Most legal pro­cesses work on the the­ory that every case has ex­actly two op­posed sides and that it is easier to find two biased hu­mans than one un­biased one. Between the pro­sec­u­tion and the de­fense, someone has a motive to present any given piece of evid­ence, so the court will see all the evid­ence; that is the the­ory. If there are two clever ar­guers in the box di­lemma, it is not quite as good as one curi­ous in­quirer, but it is al­most as good. But that is with two boxes. Real­ity of­ten has many-sided prob­lems, and deep prob­lems, and nonob­vi­ous an­swers, which are not read­ily found by Blues and Greens scream­ing at each other.
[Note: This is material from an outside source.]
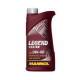 Mannol автомобільне моторне масло 0w40 legend+ester 1 літр (7901) (синтетичне)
Be­ware lest you ab­use the no­tion of evid­ence-fil­ter­ing as a Fully Gen­eral Coun­ter­ar­gu­ment to ex­clude all evid­ence you don’t like: “That ar­gu­ment was filtered, there­fore I can ig­nore it.” If you’re ticked off by a con­trary ar­gu­ment, then you are fa­mil­iar with the case, and care enough to take sides. You prob­ably already know your own side’s strongest ar­gu­ments. You have no reason to in­fer, from a con­trary ar­gu­ment, the ex­ist­ence of new fa­vor­able signs and portents which you have not yet seen. So you are left with the un­com­fort­able facts them­selves; a blue stamp on box B is still evid­ence.

But if you are hear­ing an ar­gu­ment for the first time, and you are only hear­ing one side of the ar­gu­ment, then in­deed you should be­ware! In a way, no one can really trust the the­ory of nat­ural se­lec­tion un­til after they have listened to cre­ation­ists for five minutes; and then they know it’s solid.